生活保護に至らないように、総合的な支援を行う「生活困窮者自立支援制度」をご存知ですか?
生活保護の制度は知っていても、この制度を知らない人は多いのではないでしょうか。
ここでは「どのような制度なのか」「どのような支援があるのか」「どこに相談すればよいか」などを紹介します。

生活困窮者自立支援制度とは

この制度は、失業や就職活動の行き詰まりなどにより経済的に困っている方を対象に、自立の促進を図っていくことを目的としています。

生活保護制度との違い

生活保護制度は、生活に困窮する方に対して最低限度の生活の保障と自立の助けを目的とした、現金もしくは現物を給付する制度です。

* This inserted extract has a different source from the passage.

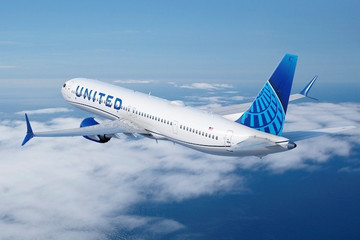 Máy bay Boeing 777 đột ngột lao xuống hơn 8.000 mét do mất áp suất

生活困窮者自立支援制度は、基本は現金給付でなく、経済的・社会的な自立に向けた相談支援が中心となります。

生活保護の前段階となる第2のセーフティネット

何かの原因で働けなくなったり、収入が途絶えてしまったりしたときに、生活を支えてくれる仕組みがセーフティネットです。
日本の場合、第1のセーフティネットとして、健康保険や年金があります。(社会保険、労働保険など)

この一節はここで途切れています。